士規七則の碑

(堀内 萩高等学校)
  


     萩高等学校本館の校長室南側、中庭の築山に高さ一六五センチメートル、幅九〇センチメートルの碑が建っている。この石碑は、大正四年(一九一五)十一月十日に行われた大正天皇即位大礼を記念して建てられたもので、上部には吉田松陰の字で「士規七則」と書かれ、その下に松陰の士規七則全文を、当時萩中学校教諭であった安藤紀一が揮毫している。

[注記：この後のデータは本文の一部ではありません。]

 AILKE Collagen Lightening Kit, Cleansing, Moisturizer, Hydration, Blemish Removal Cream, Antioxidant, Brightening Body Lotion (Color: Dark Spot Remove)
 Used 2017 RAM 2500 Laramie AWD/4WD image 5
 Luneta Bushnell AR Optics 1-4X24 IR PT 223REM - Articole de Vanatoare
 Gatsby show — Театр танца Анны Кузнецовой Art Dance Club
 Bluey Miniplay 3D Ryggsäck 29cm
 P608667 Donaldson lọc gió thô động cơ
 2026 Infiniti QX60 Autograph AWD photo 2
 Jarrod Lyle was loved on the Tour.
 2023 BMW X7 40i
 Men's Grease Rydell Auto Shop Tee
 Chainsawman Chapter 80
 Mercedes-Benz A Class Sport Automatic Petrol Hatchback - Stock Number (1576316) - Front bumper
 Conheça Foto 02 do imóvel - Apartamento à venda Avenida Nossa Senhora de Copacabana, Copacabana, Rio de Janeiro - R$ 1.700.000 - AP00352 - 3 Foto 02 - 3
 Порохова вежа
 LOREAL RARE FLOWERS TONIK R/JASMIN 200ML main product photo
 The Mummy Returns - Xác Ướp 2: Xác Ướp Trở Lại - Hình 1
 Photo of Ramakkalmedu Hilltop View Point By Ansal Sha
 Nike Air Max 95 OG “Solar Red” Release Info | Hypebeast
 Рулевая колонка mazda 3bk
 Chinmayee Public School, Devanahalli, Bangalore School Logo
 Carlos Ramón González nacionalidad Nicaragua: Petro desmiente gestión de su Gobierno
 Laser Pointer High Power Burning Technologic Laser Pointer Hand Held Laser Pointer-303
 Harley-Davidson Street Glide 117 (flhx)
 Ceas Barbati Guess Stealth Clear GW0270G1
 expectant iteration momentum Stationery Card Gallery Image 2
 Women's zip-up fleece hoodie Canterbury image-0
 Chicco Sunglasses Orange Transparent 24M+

     士規七則は吉田松陰が野山獄にあったとき、安政二年(一八五五)正月、従弟の玉木彦介の元服の祝いに武士としての修養について教えるために書き与えたものである。内容は単に玉木彦介だけの教戒となるものではなく、一般に人としての修養の指針として役立つように書かれている。武士としての本質ともいうべき士道の要点を七か条に要約し、最後にこれを三端にまとめて立志、択交、読書への道としている。松陰は、同じものを松下村塾にも掲げて門人に暗誦させた。今までにこれほど簡潔に士道の要点を記したものは他には見当たらない。
     なお、石碑の完成以降は「士規七則」をもって萩中学校の校訓と定めた。